[RECORDS PROVIDED]
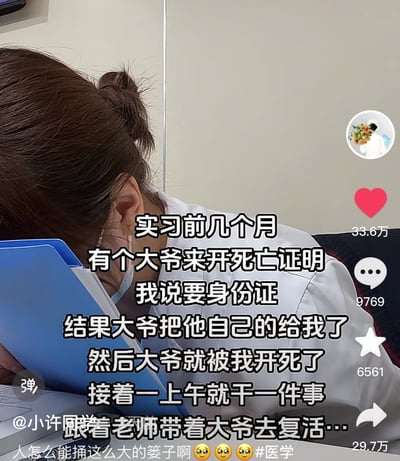 图片展示了一位穿着白大褂的实习医生低头趴在蓝色文件夹上的场景，配文讲述了一个实习期间的搞笑乌龙事件：有位大爷来开死亡证明，医生索要身份证时大爷递了自己的，结果误开了大爷的死亡证明，整个上午都在跟着老师带大爷去"复活"。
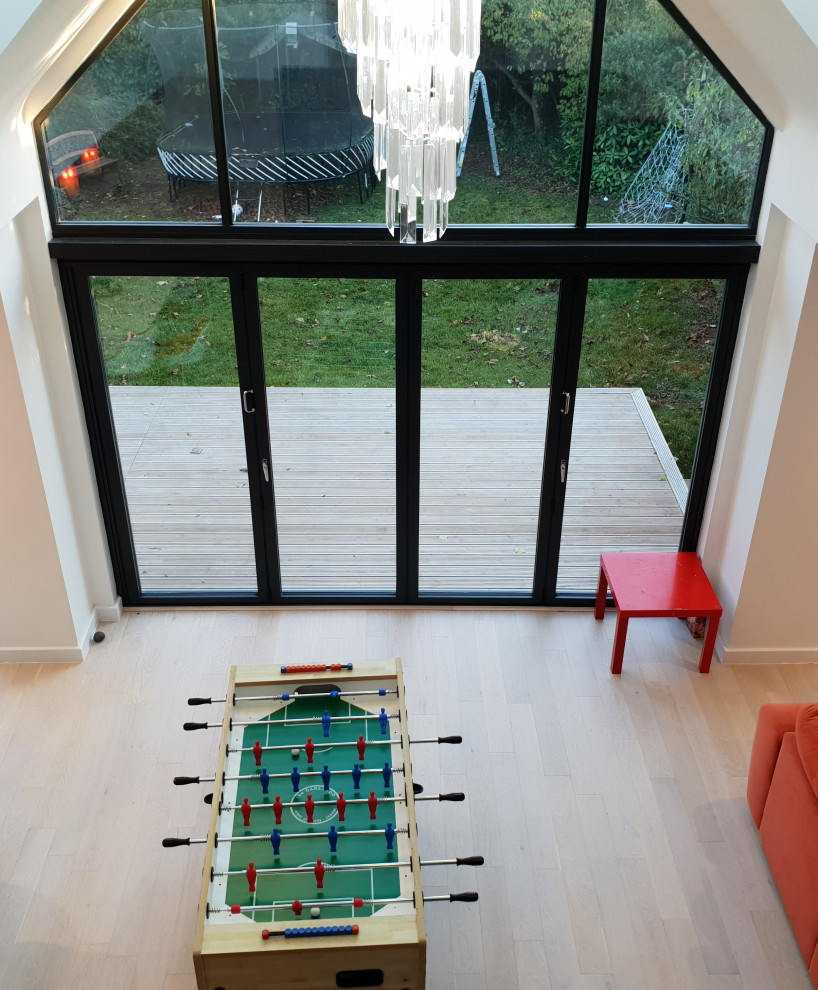 This is an example of a contemporary games room in Cheshire.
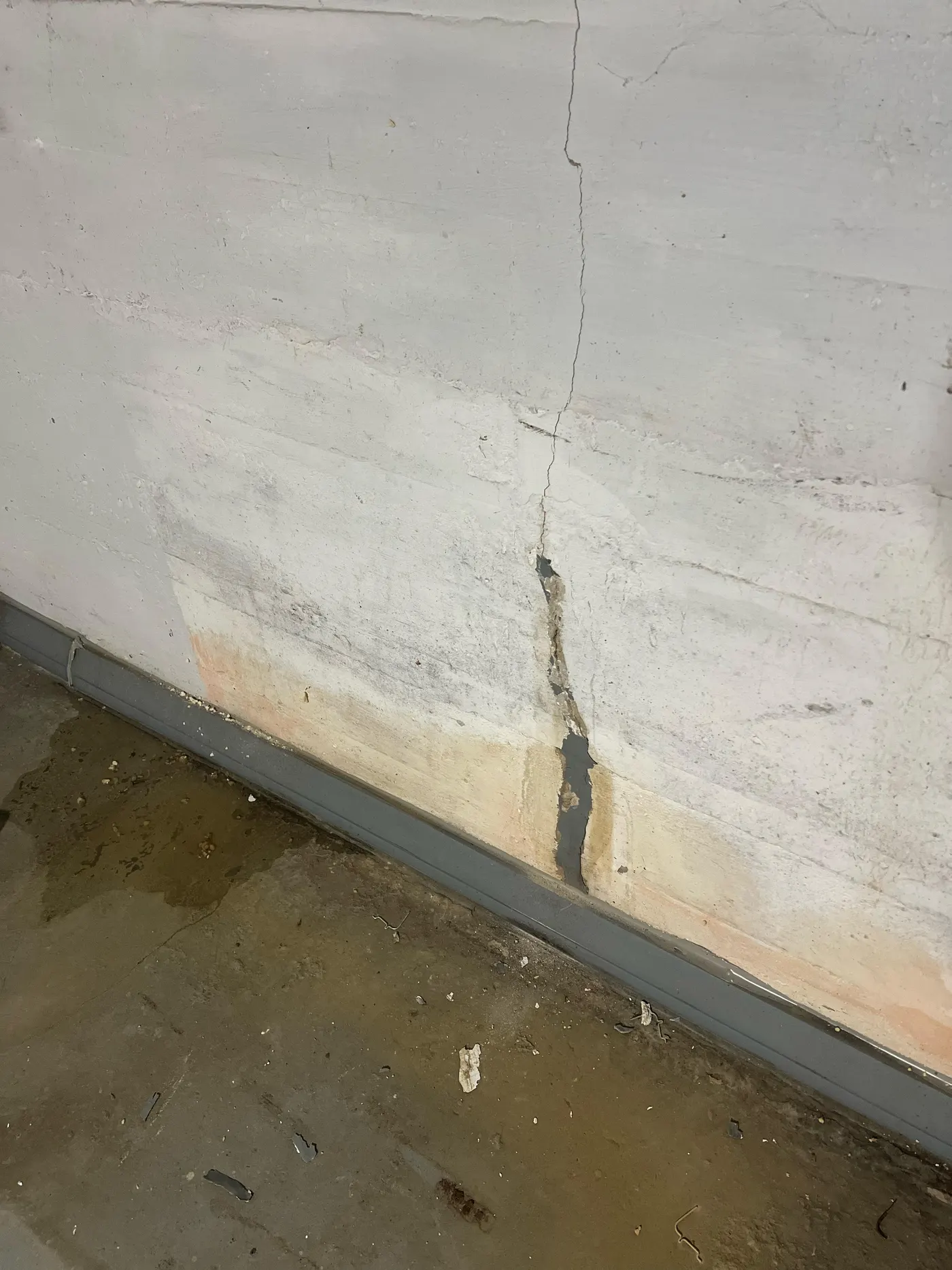 Old cement patch replaced by basement waterproofing on the Northside, Syracuse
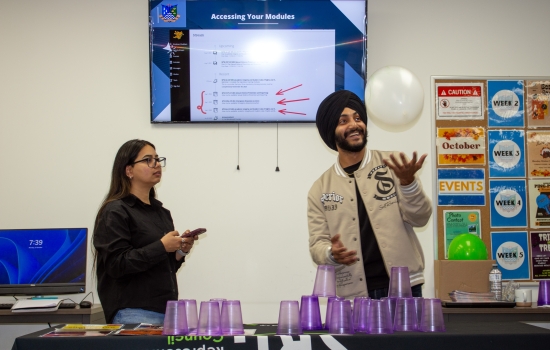 A student attempts to stack cups while keeping a balloon up in the air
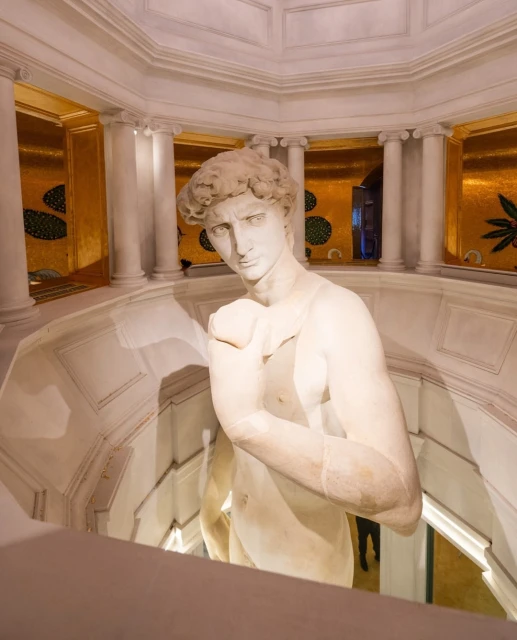 Full-body view of the marble statue of a nude man, posing inside a decorative interior with gold accents and white columns.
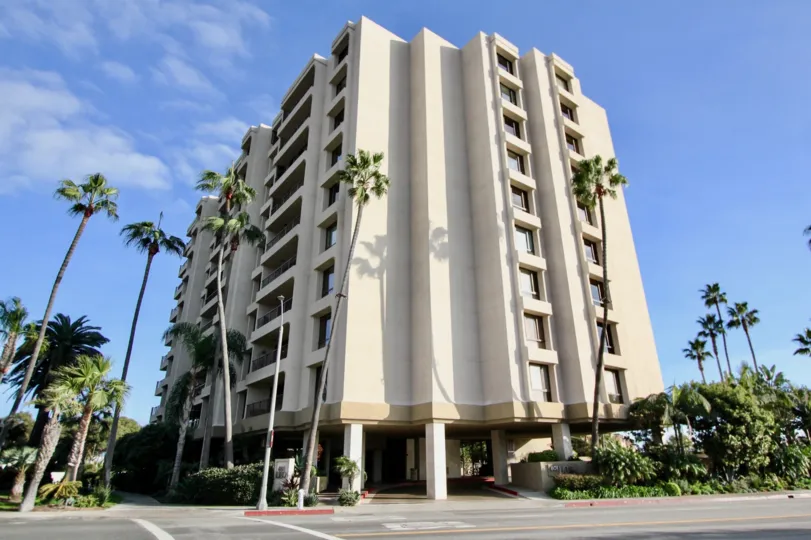 A sunny day in the Lido Park Place with a huge apartment and palm trees.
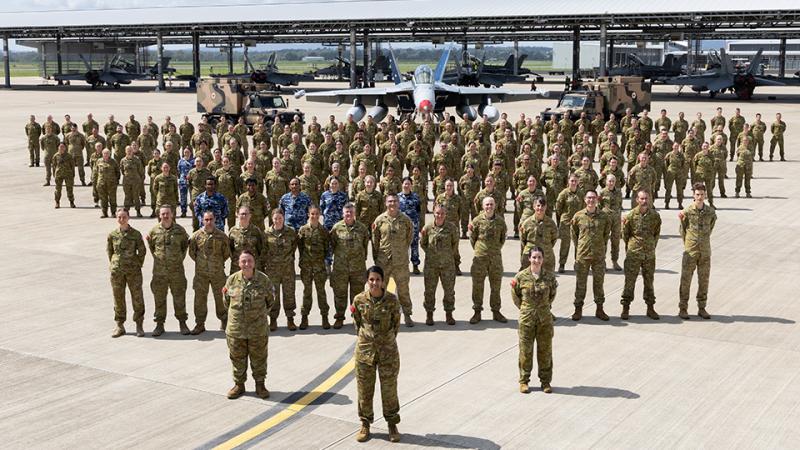 A large group of military personnel stand in a pyramid formation with their aircraft.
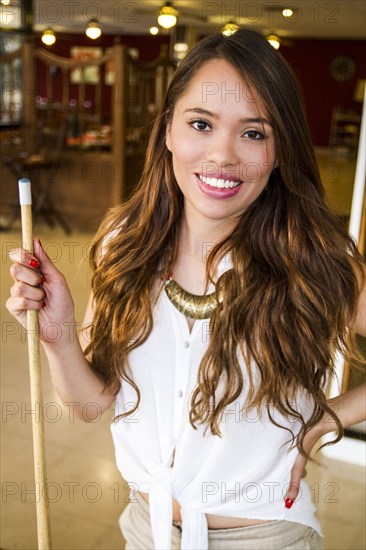 Hispanic woman holding pool cue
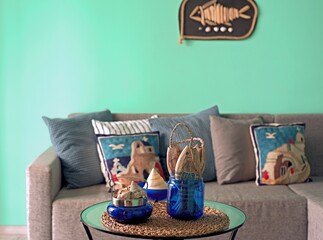 Marine style in the apartment interior - a sofa with pillows and a table with shells and fish figures.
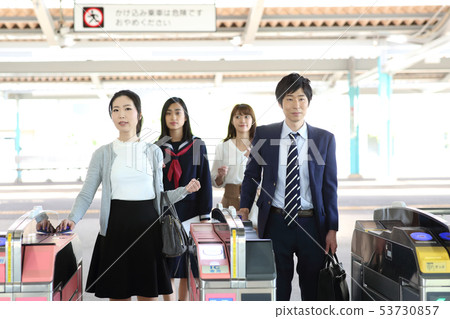 People shooting out of the ticket gate "Keioh Electric Railway Co., Ltd." 53730857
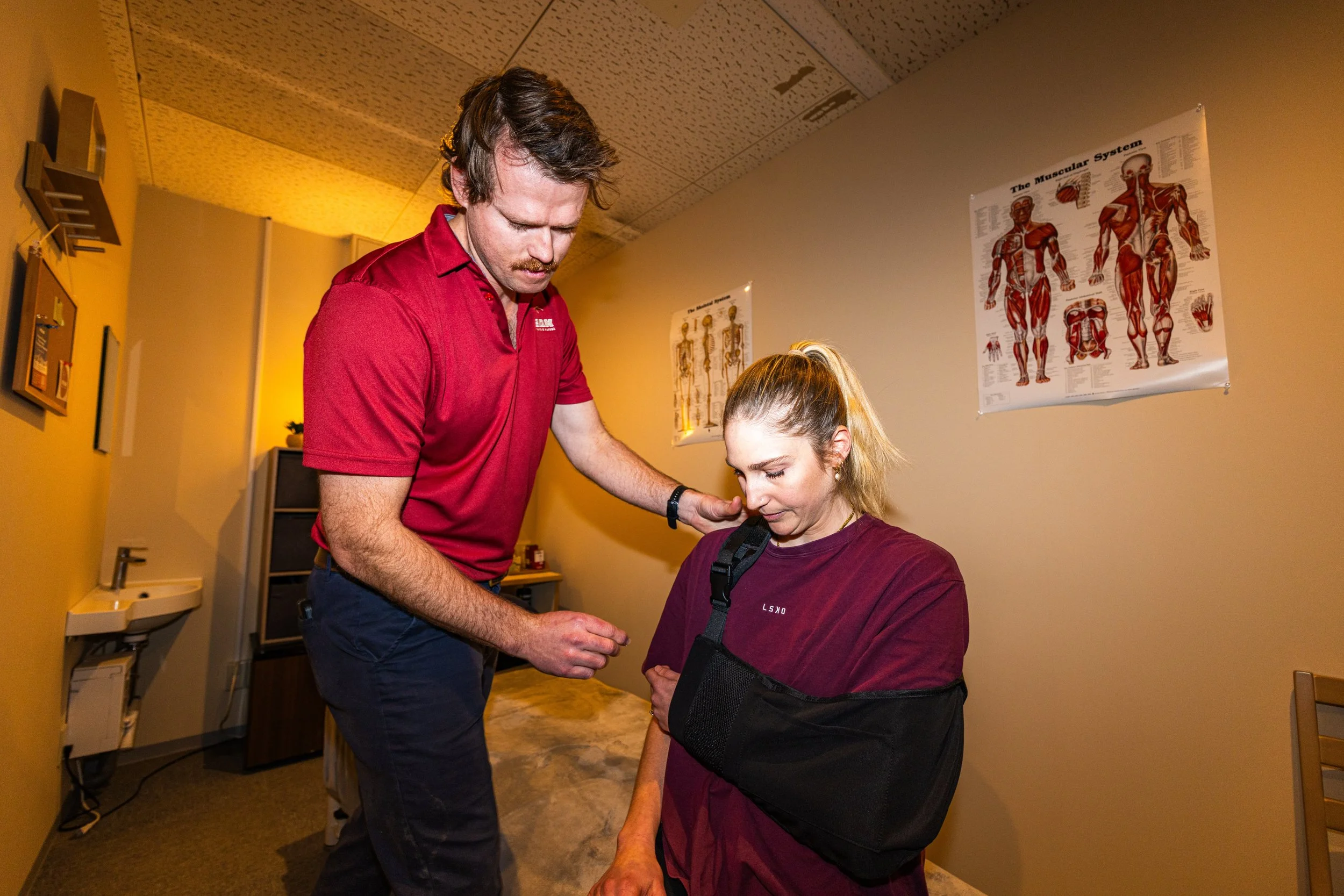 An injured person receives a shoulder sling from Peak Sports Physio Hakuba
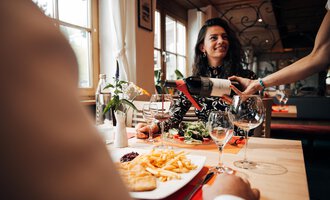 A woman smiles in a restaurant while her wine is being poured. On the table, there is also a plate of fries and a portion of salad.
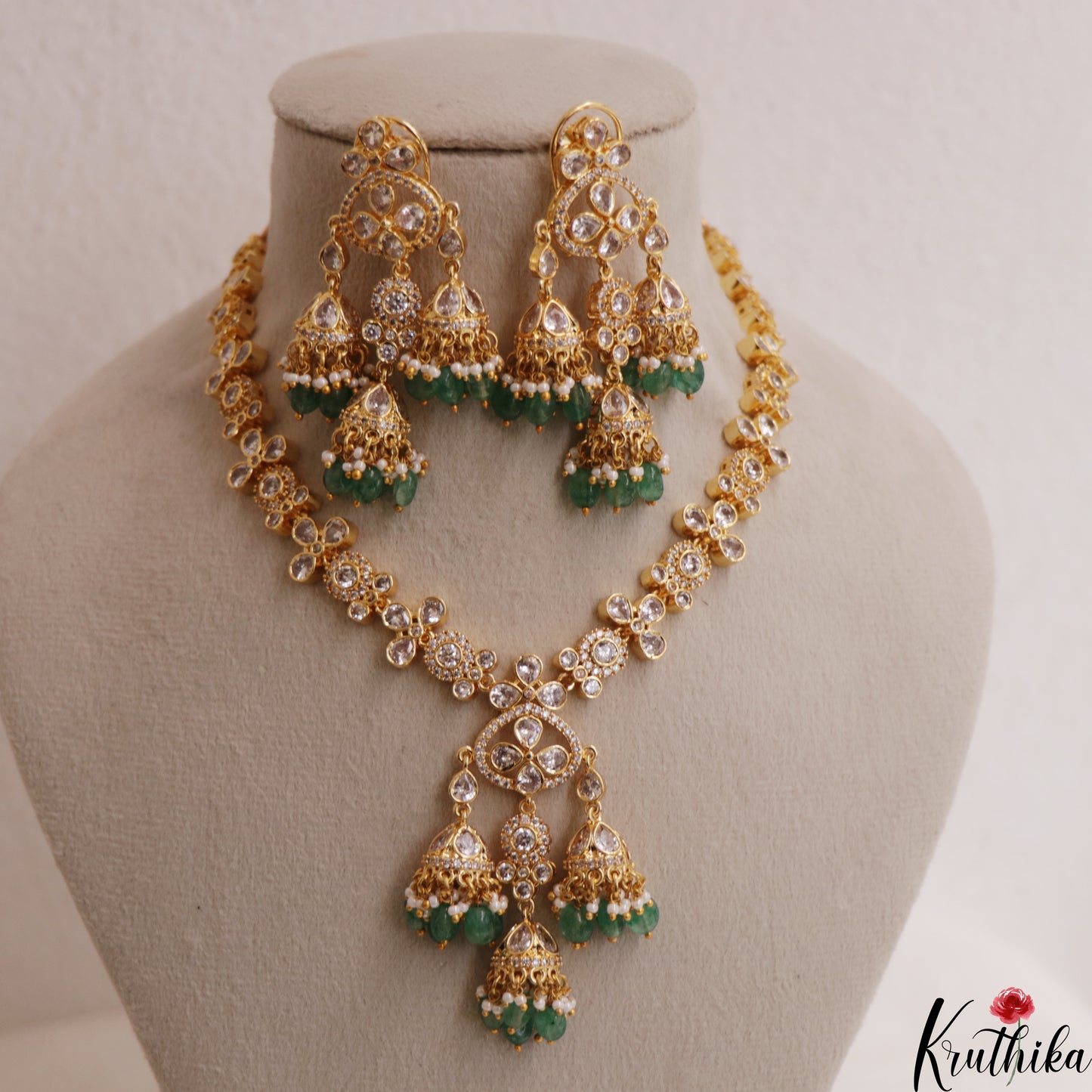 Sparkling Floral Motifs Gold-Tone CZ Necklace With Green Bead Drops NC3017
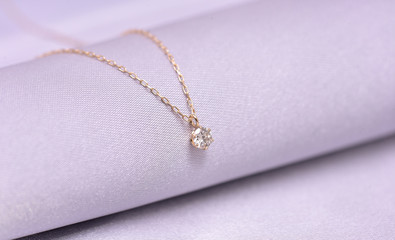 diamond necklace on a silk background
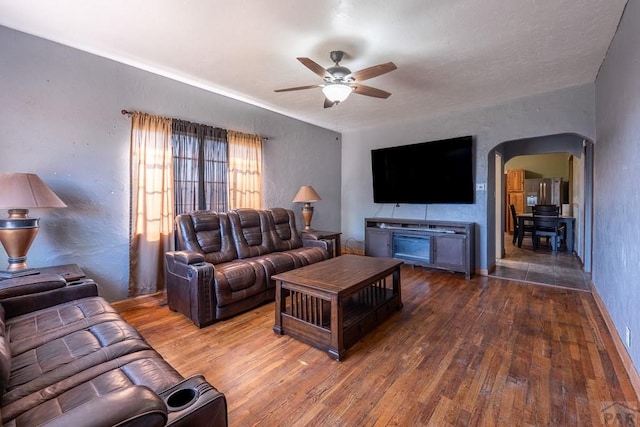 318 E Goddard Ave, Trinidad, CO 81082 - living room featuring arched walkways, a ceiling fan, hardwood / wood-style floors, and baseboards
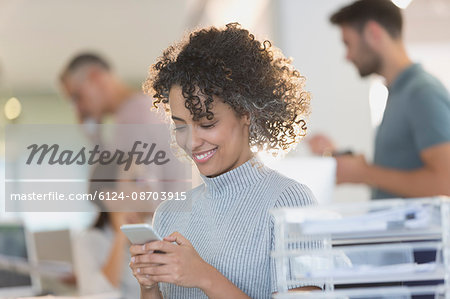 Smiling businesswoman texting with cell phone in office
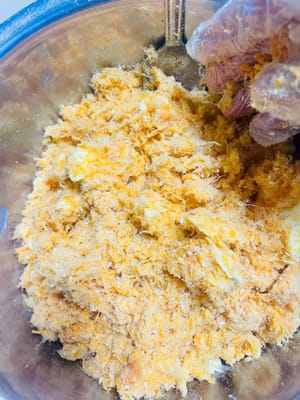 Add 40g of butter melted at room temperature and mix well. This will make the meat floss sticky and can be rolled into a ball.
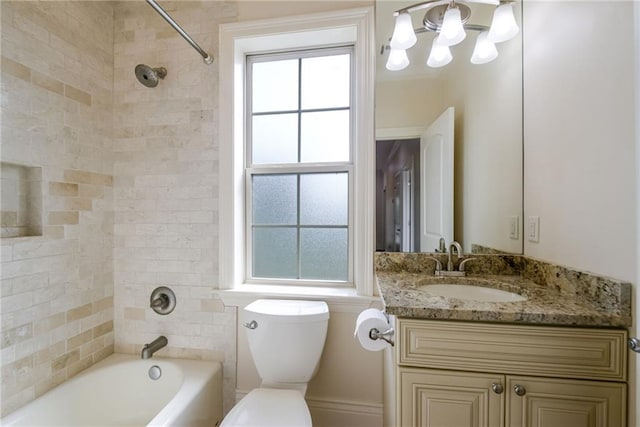 full bathroom featuring toilet, tiled shower / bath, and vanity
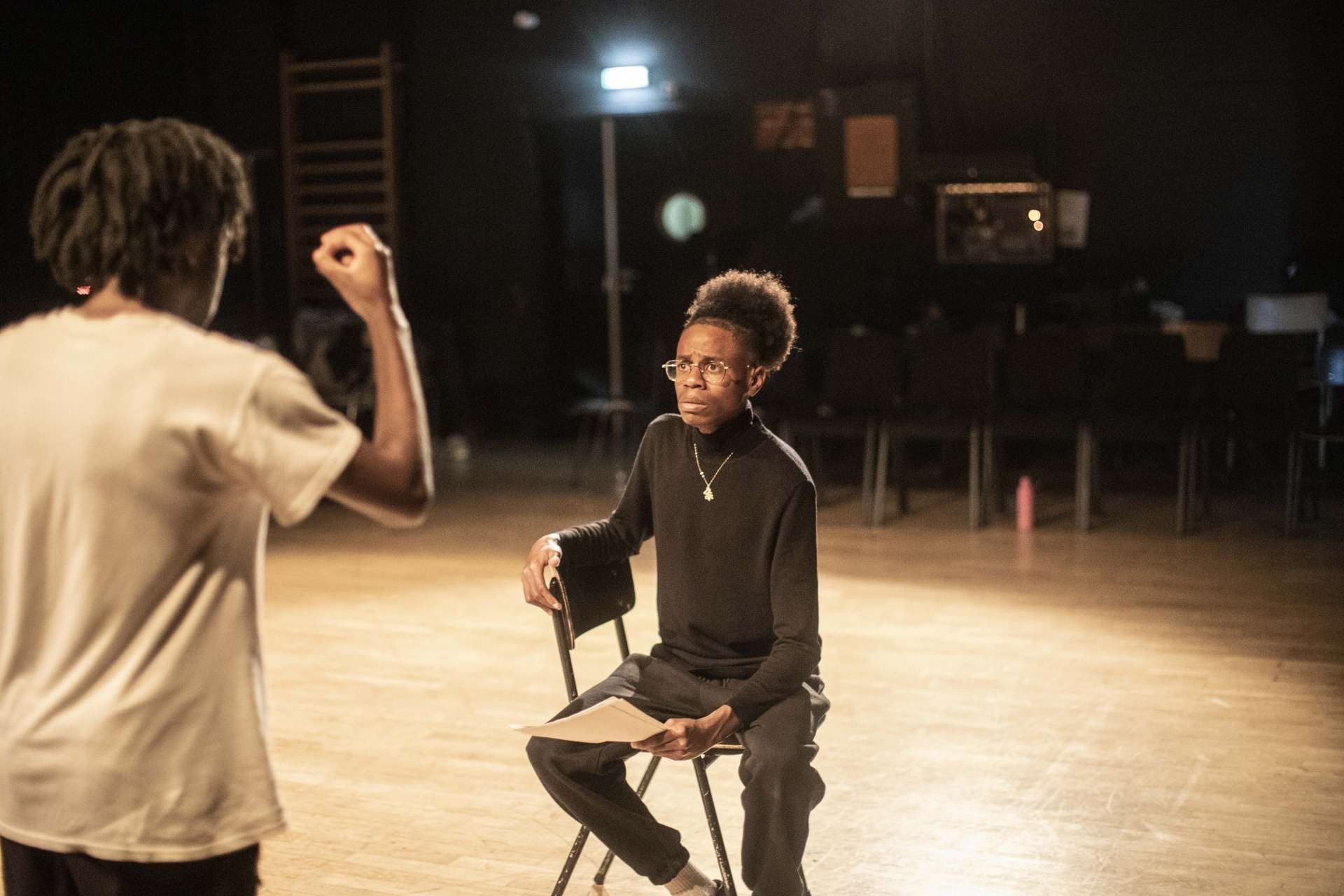 Groupe 50 élèves en atelier jeu avec Emmanuel Matte photo Jean-Louis Fernandez deux personnes en jeu l'une assise de face l'autre debout de dos la main droite levée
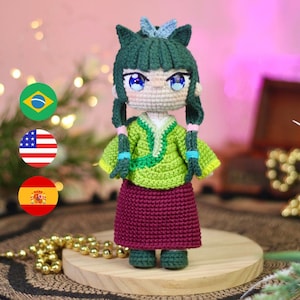 May include: A handmade crochet doll with green hair styled in pigtails and a matching green outfit. The doll has large blue eyes and is wearing a maroon skirt. The doll is standing on a wooden base.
[/RECORDS PROVIDED]
> [EXERCISE PROMPT] Find "Hispanic woman holding pool cue" in the entries, then reproduce that line and each line after it exactly, through the last one. Pictures do not go in.

> [YOUR SOLUTION]
 Hispanic woman holding pool cue
 Marine style in the apartment interior - a sofa with pillows and a table with shells and fish figures.
 People shooting out of the ticket gate "Keioh Electric Railway Co., Ltd." 53730857
 An injured person receives a shoulder sling from Peak Sports Physio Hakuba
 A woman smiles in a restaurant while her wine is being poured. On the table, there is also a plate of fries and a portion of salad.
 Sparkling Floral Motifs Gold-Tone CZ Necklace With Green Bead Drops NC3017
 diamond necklace on a silk background
 318 E Goddard Ave, Trinidad, CO 81082 - living room featuring arched walkways, a ceiling fan, hardwood / wood-style floors, and baseboards
 Smiling businesswoman texting with cell phone in office
 Add 40g of butter melted at room temperature and mix well. This will make the meat floss sticky and can be rolled into a ball.
 full bathroom featuring toilet, tiled shower / bath, and vanity
 Groupe 50 élèves en atelier jeu avec Emmanuel Matte photo Jean-Louis Fernandez deux personnes en jeu l'une assise de face l'autre debout de dos la main droite levée
 May include: A handmade crochet doll with green hair styled in pigtails and a matching green outfit. The doll has large blue eyes and is wearing a maroon skirt. The doll is standing on a wooden base.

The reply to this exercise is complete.